Use device profiling when you need to answer questions below the VM invocation level:
- Which HAL queue operations did this invocation issue?
- Which dispatches, transfers, or allocations dominate device time?
- Which executable export name should be optimized?
- Did a benchmark replay spend time in useful HAL work, setup, copies, or host execution?
- What hardware counters or executable trace artifacts did a backend collect for a selected dispatch?
Device profiling complements benchmarking and
Tracy. Benchmarks tell you how long a workload
takes. Tracy shows process-wide runtime behavior and CPU/GPU API interactions.
Device profiling records the HAL/device work in a structured format that can be
queried with iree-profile or exported for other tooling.
Capture with IREE toolslink
Tools that create HAL devices accept the --device_profiling_* flags.

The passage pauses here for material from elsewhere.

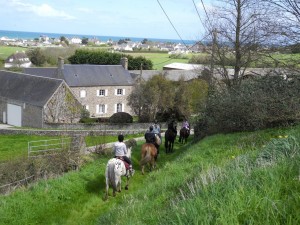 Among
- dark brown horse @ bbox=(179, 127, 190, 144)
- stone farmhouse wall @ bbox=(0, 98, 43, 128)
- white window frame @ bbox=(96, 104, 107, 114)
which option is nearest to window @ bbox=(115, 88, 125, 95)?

For
example, capture queue and device queue events while running a module:
iree-run-module \
--device=amdgpu \
--module=/tmp/model.vmfb \
--function=main \
--input=@/tmp/inputs.txt \
--device_profiling_mode=queue-events,device-queue-events \
--device_profiling_output=/tmp/model.ireeprof
The same flags work with iree-benchmark-module:
iree-benchmark-module \
--device=amdgpu \
--module=/tmp/model.vmfb \
--function=main \
--benchmark_min_time=20x \
--device_profiling_mode=queue-events,device-queue-events \
--device_profiling_output=/tmp/model.ireeprof
When profiling a benchmark, prefer fixed iteration counts such as
--benchmark_min_time=20x while first validating a workflow. This makes the
capture easier to compare across runs and avoids accidentally collecting a very
large profile from a short microbenchmark.
The benchmark replay tool also accepts the same flags. That is the usual way to capture a profile from an already-recorded HAL workload:
iree-benchmark-replay \
--device=amdgpu \
--benchmark_min_time=50x \
--device_profiling_mode=queue-events,device-queue-events \
--device_profiling_output=/tmp/model-replay.ireeprof \
/tmp/model.ireereplay
iree-benchmark-replay flushes profile data outside the timed benchmark
iteration. The .ireeprof still describes the replayed HAL work, but profile
serialization is not charged to the benchmark timing.
Profiling modeslink
--device_profiling_mode is a comma-separated list of HAL profiling data
families. The selected HAL driver decides which families it supports and must
fail loudly for unsupported requested data.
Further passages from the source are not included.